From Publishers Weekly

Sportswriter Frei's first book is a decent account of the December 1969 gridiron clash between the Texas Longhorns and the Arkansas Razorbacks, a dramatic, all-white affair played out before Pres. Richard Nixon and a war-torn American public, and often considered the finest game in the history of college football. Frei, a reporter for the Denver Post, covers all the bases in a wistful, sepia-toned "when it was a game" vehicle that has become the male version of the chick flick: translucent irony, fleeting ethical conundrums, black and white (sometimes literally) views of right and wrong, reverence for authority figures and a nod and a wink's worth of boys-will-be-boys lead up to the "Big Shootout" (as the game was later dubbed), complete with a healthy amount of blood, guts and glory. The author does his best to invoke the atmosphere of two very different Southern college towns during that turbulent juncture in American history (down to the Neil Young reference in the title). He's mostly successful, although the subtitle promises far more analysis of the dying days of segregation than Frei delivers. One shortcoming: the overuse of pointed if tacit connections, most notably Pres. Bill Clinton's relationship to Arkansas, the ROTC and his clumsy avoidance of the war in Vietnam. While Frei fills his narrative with descriptions of interrelated smalltown events and people in Fayetteville, Ark., bringing Clinton into the picture does nothing to advance the story. Still, Frei's target audience-fans of Southern college football-will enjoy this history.
Copyright 2002 Reed Business Information, Inc.

From Library Journal

The December 1969 college football match between undefeated Texas and Arkansas was memorable, one for the record book. However, Frei's often humorous telling is much more than a rehash of the game. Attended by both President Nixon and future leader Bill Clinton, the game was also memorable for its combination of Southern pride and anti-Vietnam War protests. Frei's treatment also serves as a larger history of the social and political climate surrounding the competition. Frei, who currently writes for the Denver Post and contributes a weekly column to ESPN.com, is familiar with the mayhem of campus life in the Sixties; during this time his father was the head football coach at the University of Oregon. This delightful, well-researched chronicle of a turbulent era also includes an index, bibliography, rosters, and the 1969 results. Libraries should buy where demand warrants. Larry R. Little, Penticton P.L., B.C.
Copyright 2002 Reed Business Information, Inc.

Review

It is a great story, well told with more delicious details than a linebacker could tackle. (San Antonio Express News )
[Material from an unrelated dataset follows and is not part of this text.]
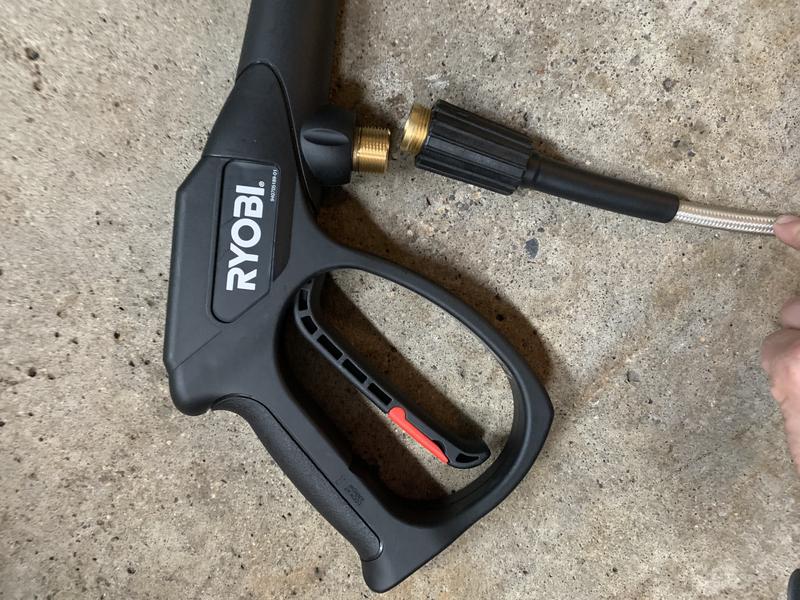 Ryobi on sale pa66 30gf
Frei does a masterful job of weaving in the historical significance of the turbulent times, including the Vietnam War protests, the military draft lottery and the civil rights movement that were so much a part of the campus life in that era...It's political football at its best... (Arkansas Democrat Gazette )

Denver Post sports writer Terry Frei's book is much more than a recounting of the Texas-Arkansas 'Game of the Century' that earned the Longhorns the 1969 national college football championship. Horns, Hogs and Nixon Coming is a timeline of one of the most tumultuous and important years in American history. (Denver Post )

After 35 years it may be time to move on—from the war, from radical divide, from Bill Clinton as a lightning rod, from 15-14. Reading this book might be cathartic. (John Brummett Times Record )

A very good book, Horns, Hogs and Nixon Coming has been written not only about the game and the people, but its extraordinary time of war and racial struggle. (John Brummett Fayetteville Morning News )

A very good book. (Log Cabin Democrat ) --This text refers to the Paperback edition.

Book Description

On December 6, 1969, the Texas Longhorns and Arkansas Razorbacks met in what many consider the Game of the Century. In the centennial season of college football, both teams were undefeated; both featured devastating and innovative offenses; both boasted cerebral, stingy defenses; and both were coached by superior tacticians and stirring motivators, Texas's Darrell Royal and Arkansas's Frank Broyles. On that day in Fayetteville, the poll-leading Horns and second-ranked Hogs battled for the Southwest Conference title -- and President Nixon was coming to present his own national championship plaque to the winners.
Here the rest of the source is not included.